É uma ótima notícia para as empresas espaciais que esperavam conseguir uma fatia do negócio de lançamento de satélites. Porém, o êxtase fez com que os analistas alertassem que o espaço ainda é um negócio nascente e arriscado, a uma explosão de foguete do desastre.
Centenas de milhões de dólares estão agora fluindo para uma indústria há muito considerada arriscada demais para investimentos sérios. Novas startups estão surgindo em um ritmo que traz à memória os primeiros dias do boom da tecnologia, quando o dinheiro era injetado nas startups do Vale do Silício no início da era da Internet. O general John "Jay" Raymond, chefe de operações espaciais da Força Espacial dos Estados Unidos, chegou a prever durante um recente discurso que o investimento no setor espacial comercial levaria a "uma segunda era de ouro do espaço".
Na última década, os investidores injetaram US$ 200 bilhões em 1.500 empresas espaciais em todo o mundo, de acordo com uma análise realizada pela Space Capital, empresa de capital de risco que investe no setor espacial.

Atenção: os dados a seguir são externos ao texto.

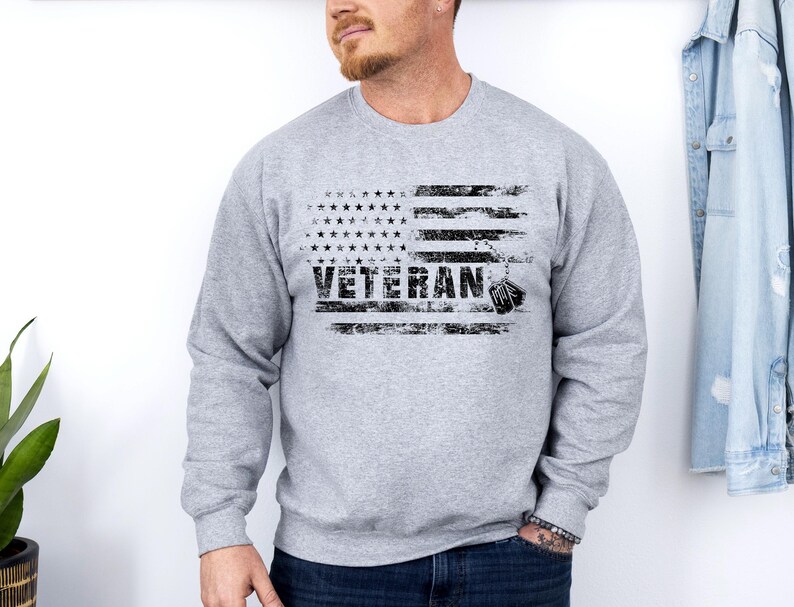 Peut inclure: Un sweat-shirt gris avec un motif de drapeau am&eacute;ricain vieilli et le mot "Veteran" imprim&eacute; en noir. Le drapeau a une rang&eacute;e d'&eacute;toiles en haut et une plaque d'identit&eacute; pendante en bas.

Os investimentos em novas empresas espaciais chegaram a US$ 7,6 bilhões no ano passado, um aumento de 16% em relação a 2019, de acordo com a Bryce Space and Technology, empresa de consultoria.
"Este nível de investimento é consistente com a tendência de seis anos, começando em 2015, de níveis sem precedentes de investimento impulsionado por capital de risco circulando na indústria espacial", disse a empresa.
Isso ajudou a impulsionar uma economia global espacial que cresceu 4,4% em 2020, de acordo com a Space Foundation, organização americana sem fins lucrativos que defende os setores da indústria espacial global. Ao longo dos últimos 10 anos, a economia espacial cresceu 55%, de acordo com a organização, que disse que o mercado de produtos e serviços espaciais está avaliado em US$ 219 bilhões.
Abertura de capital
Além desses investimentos, várias empresas espaciais abriram o capital no ano passado por meio de empresas de aquisição de propósito específico (SPACs). A Virgin Galactic, empresa de turismo espacial de Branson, foi uma das primeiras empresas de destaque a abrir o capital por meio de uma SPAC quando se fundiu com um fundo de hedge de Nova York em 2019. Desde então, as SPACs "explodiram em popularidade", de acordo com um relatório de analistas da Avascent and Jefferies, empresa de consultoria financeira especializada no setor aeroespacial, que constatou que as fusões em todos os setores arrecadaram US$ 83 bilhões em 2020 em comparação com US$ 14 bilhões no ano anterior. Mas as ações podem ser voláteis. Nas últimas semanas, por exemplo, quando duas empresas espaciais enfrentavam problemas, as ações delas sofreram perdas. As ações da Virgin Galactic caíram depois que a Administração Federal de Aviação dos EUA (FAA, na sigla em inglês) disse que estava investigando a empresa depois que seu voo espacial, com Branson a bordo, saiu da área autorizada. A investigação foi relatada pela primeira vez pela New Yorker.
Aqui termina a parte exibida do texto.